Well we have our 23KRS home in Virgina! Drove it there from Tiara RV in Elkhart, IN. They are located about 5 miles from the Keystone factory. We got a great price ($5k less than local VA dealers) and the service was fantastic. We got there Friday and they were waiting for us with unit all cleaned and checked out. We did an extensive orientation while they installed the hitch. A few hours later we were off for a test drive, no problems. We then stayed overnight hooked up on their lot. They made sure everything was OK and showed us how to disconnect and dump. They helped us get road ready and off we went about 9:00 am. We drove until about 6:00 pm which put us in western West Virginia. We pulled into Ruby Lake campgrounds for the night. [ Funny side story... The campground manager put us right next to a couple from South Carolina who had also just pulled in with their TT *not an Outback ;-)* that they had also just purchased in Indiana... Except they had to unhook and go into town to get propane... their dealer had not filled the tank.
we on the other hand had two FULL tanks, hooked up, ate a quick dinner and went to bed... We woke up to hear the husband yelling at his wife to hold the light so he could hook up the dam propane... later she yelled at him because they had no toliet paper... we of course had a starter pack from Tiara ;-)...needless to say they were not "happy campers"... We pulled out next morning at 8:00am and they were still sleeping. I guess there is a difference in RV dealers! ;-) ] All in all it was an easy trip home... OH DID I MENTION... Our tow vehicle was a FORD RANGER ! The Ranger did fine pulling it up the steepest mountains in WV at NLT 50mph... Not what we intend to use asa TV in the future but it is what we have now. Looking forward to getting to know our 23KRS better and making some short trips in VA until an new TV next year.
Tim & Sue


----------



## sleecjr (Mar 24, 2006)

Tim&Sue said:


> OH DID I MENTION... Our tow vehicle was a FORD RANGER ! Tim & Sue












Good luck with the new camper.


----------



## ARzark (Aug 9, 2005)

Tim&Sue,
Congrats on your new 'ROO








Sounds like you had a very good experience with your dealer and they treated you right








Glad to hear the trip home went well and you enjoyed your first night out!

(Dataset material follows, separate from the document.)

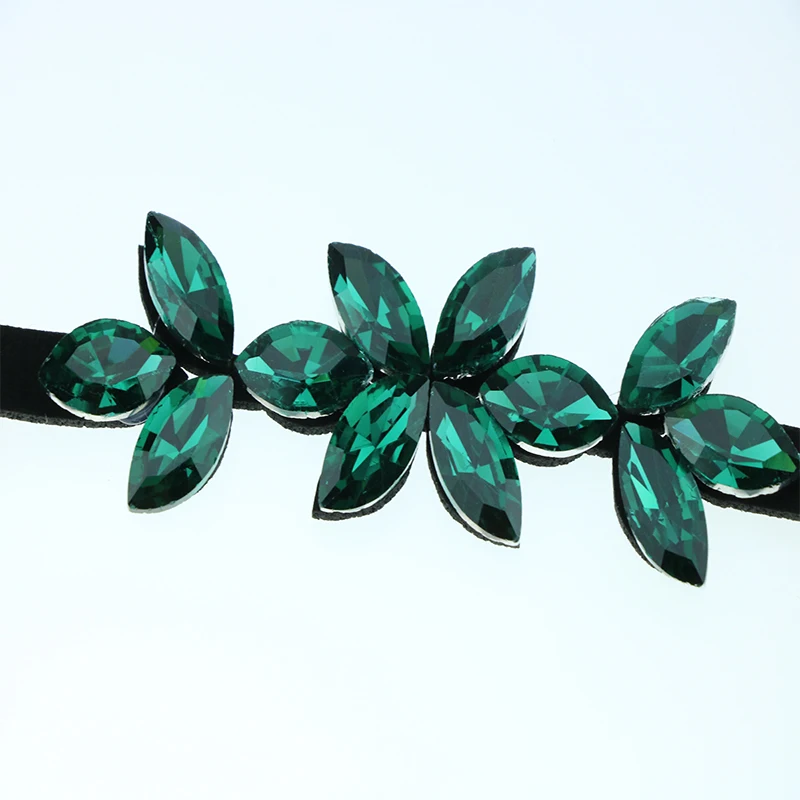 Новый стиль модный тренд ожерелье супер флэш Стиль Стекло Стильный глаз костяная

Now about that Ford Ranger..... I am no expert, but PLEASE be careful out there. It appears you are at max, if not exceeding, the capabilities of your TV. Not to put a downer on on your exciting experience, just want you to keep the shiney side up


----------



## skippershe (May 22, 2006)

Congratulations Tim and Sue!









Sounds like you're off to a great start with your new Outback! Nothing like getting to spend the night and a long haul home right off the bat to make sure everything is in working order









Don't you just love your new Roo?????









Take care and Happy Camping!
Dawn


----------



## mswalt (Sep 14, 2004)

> OH DID I MENTION... Our tow vehicle was a FORD RANGER


Tim and Sue,

Congrats on your recent purchase. Glad all went well with y'all.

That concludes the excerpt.